While only a few embodiments of the present disclosure have been
shown and described, it will be obvious to those skilled in the art
that many changes and modifications may be made thereunto without
departing from the spirit and scope of the present disclosure as
described in the following claims. All patent applications and
patents, both foreign and domestic, and all other publications
referenced herein are incorporated herein in their entireties to
the full extent permitted by law.
The methods and systems described herein may be deployed in part or
in whole through a machine that executes computer software, program
codes, and/or instructions on a processor. The processor may be
part of a server, client, network infrastructure, mobile computing
platform, stationary computing platform, or other computing
platform. A processor may be any kind of computational or
processing device capable of executing program instructions, codes,
binary instructions and the like. The processor may be or include a
signal processor, digital processor, embedded processor,
microprocessor or any variant such as a co-processor (math
co-processor, graphic co-processor, communication co-processor and
the like) and the like that may directly or indirectly facilitate
execution of program code or program instructions stored thereon.
In addition, the processor may enable execution of multiple
programs, threads, and codes. The threads may be executed
simultaneously to enhance the performance of the processor and to
facilitate simultaneous operations of the application. By way of
implementation, methods, program codes, program instructions and
the like described herein may be implemented in one or more thread.
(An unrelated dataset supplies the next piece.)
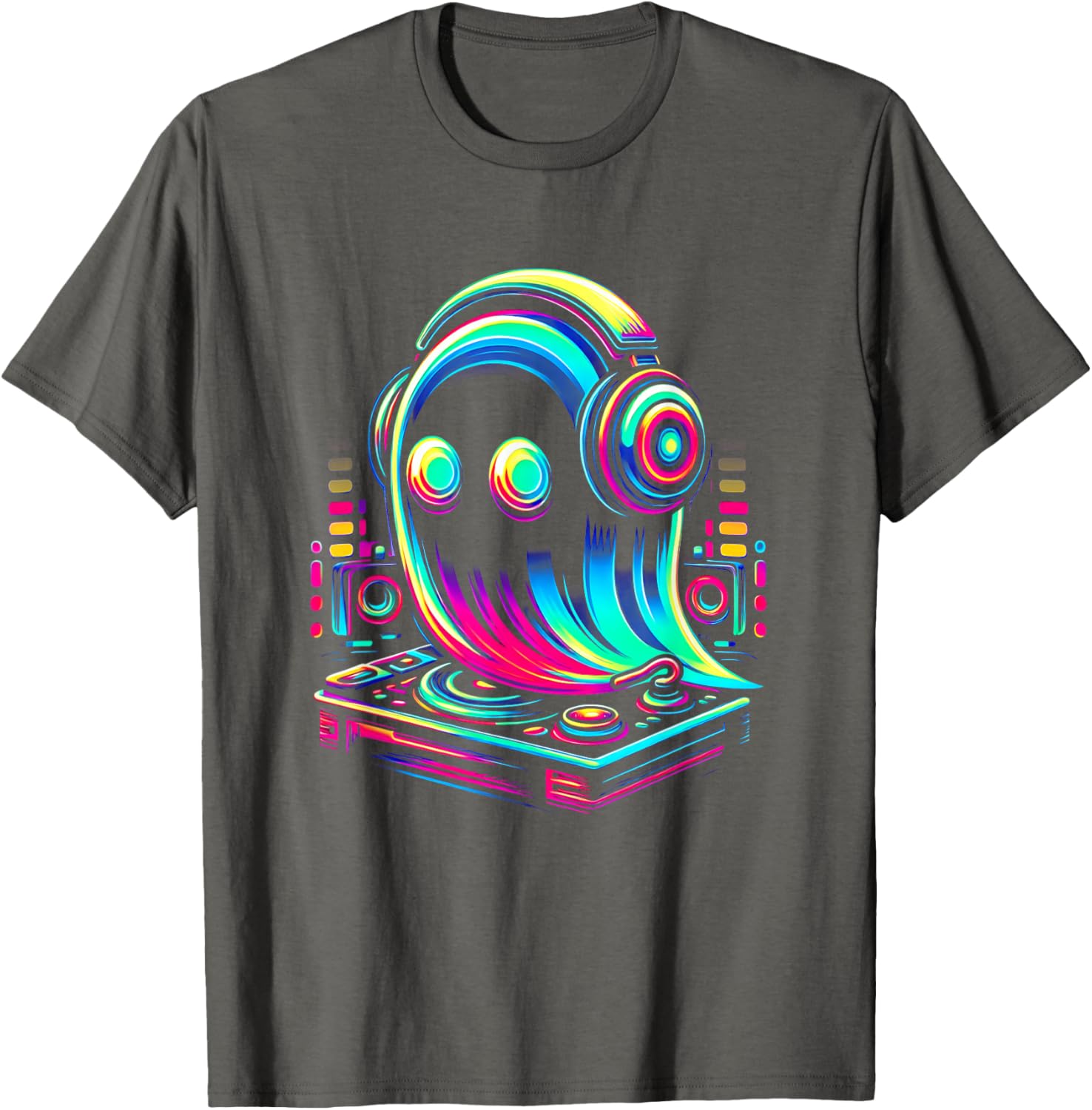 Ghost Optical EDM Rave DJ T-Shirt for House Music Festival Fans - 10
The thread may spawn other threads that may have assigned
priorities associated with them; the processor may execute these
threads based on priority or any other order based on instructions
provided in the program code. The processor may include memory that
stores methods, codes, instructions and programs as described
herein and elsewhere. The processor may access a storage medium
through an interface that may store methods, codes, and
instructions as described herein and elsewhere. The storage medium
associated with the processor for storing methods, programs, codes,
program instructions or other type of instructions capable of being
executed by the computing or processing device may include but may
not be limited to one or more of a CD-ROM, DVD, memory, hard disk,
flash drive, RAM, ROM, cache and the like.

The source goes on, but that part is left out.